Your doctor will determine the type of treatment you will need for your type of tachycardia. Your treatment options could include medication, ablation, an implantable cardioverter defibrillator, or open-heart surgery.
Your doctor may prescribe medication to try and control a fast heartbeat (tachycardia). It can be taken in pill form or by injection.
Anti-arrhythmics – Commonly given drug such as Amiodarone, Sotolol, and others.
Blood thinners – Patients with tachycardia are at greater risk for blood clots, so your physician may prescribe blood thinners like aspirin, dabigatran (Pradaxa), or warfarin (Coumadin) to reduce blood clot formation.
Beta-blockers – Beta-blockers decrease the heart’s need for blood and oxygen by slowing the heart down. They also help the heart to beat in a regular rhythm.
Calcium channel blockers – Calcium channel blockers decrease blood pressure by dilating vessels. They also decrease how strongly the heart contracts, reducing the amount of oxygen it needs.
Diuretics – Diuretics reduce the amount of fluid in the body so the heart needs to do less work.
Nitrates – Nitrates relax blood vessels, increasing the amount of blood and oxygen that can flow to the heart.
The following arrhythmias (conditions characterized by an abnormal or irregular heartbeat rhythm) are treated by radiofrequency catheter ablation therapy:
An implantable cardioverter-defibrillator (ICD) delivers anti-tachycardia pacing and/or electroshocks to terminate tachycardia (heart rhythms that are so fast that the blood no longer circulates sufficiently). It is larger than a pacemaker and is implanted in the chest to monitor the heartbeat and to deliver electrical shock to reset the heart to its normal rhythm. If you are at risk of life-threatening tachycardia,your doctor may recommend an ICD.
Implantable cardioverter defibrillators (ICD) have historically been considered a contraindication (a reason to withhold medical treatment due to potential harm to the patient) for Magnetic Resonance Imaging (MRI).

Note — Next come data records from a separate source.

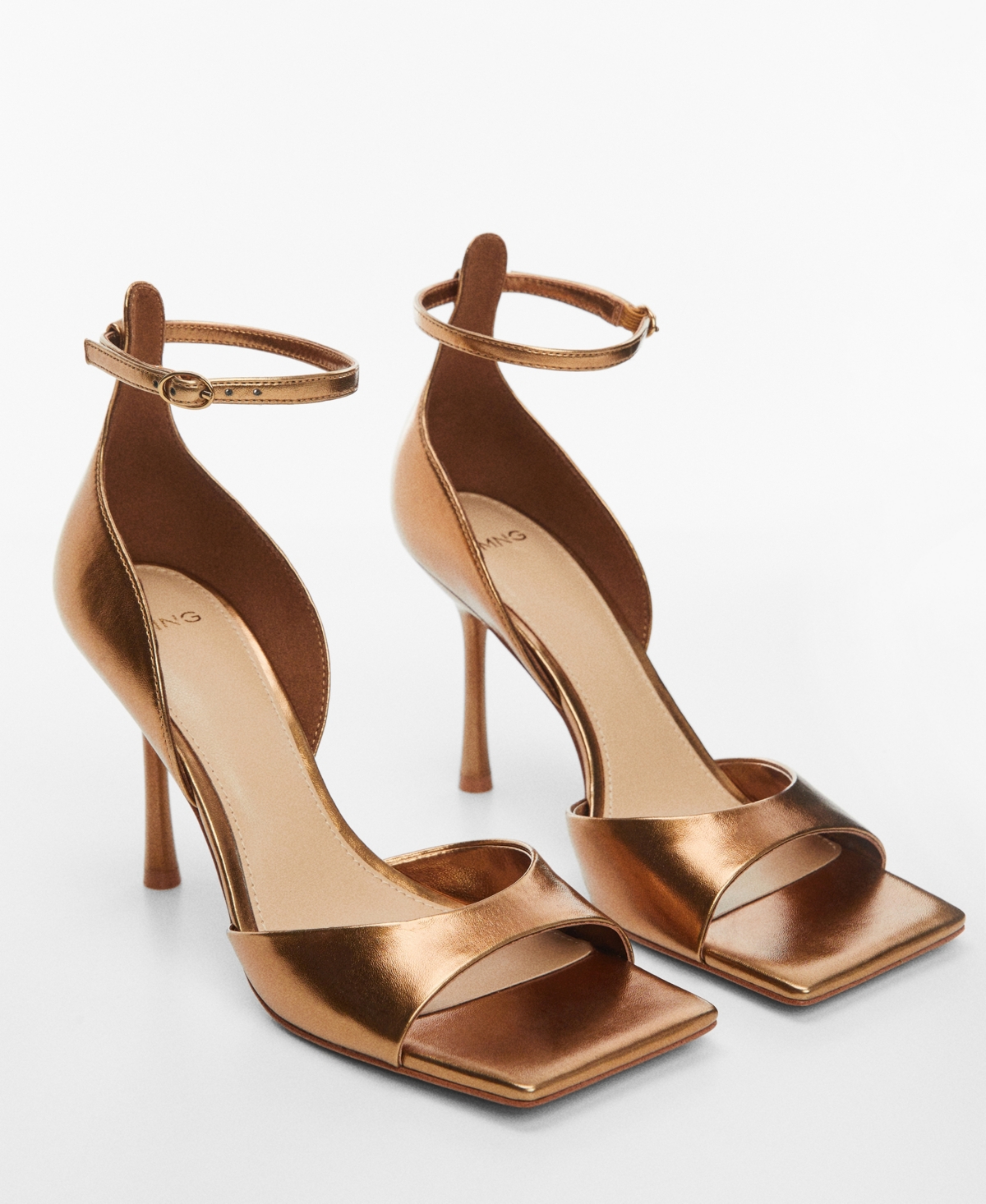 Shop Mango Women's Metallic Heel Sandals In Copper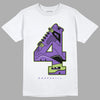 Jordan 4 Canyon Purple DopeSkill T-Shirt No.4 Graphic - White 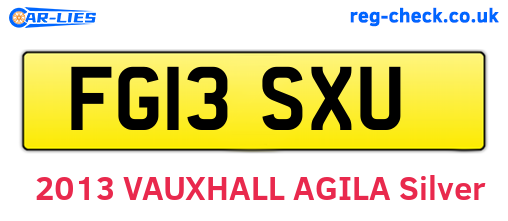 FG13SXU are the vehicle registration plates.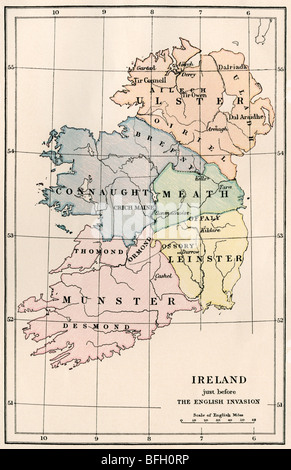 Map of Ireland before the English invasion, circa 1580. Color lithograph Stock Photo
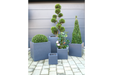 Outdoor Garden Planters, Blue Clay, Square, Set Of 5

In 2015, the US Food and Drug Administration (FDA) approved ICD technology that can be used safely during MRI. Today there are ICD available that are MR conditional.
Open-heart surgery can be used to destroy the tissue responsible for creating an electrical pathway that is disrupting the normal function of the heart. During the surgery, incisions will be made to the affected areas. Since scar tissue will not conduct electricity, it will interrupt the impulses responsible for your tachycardia.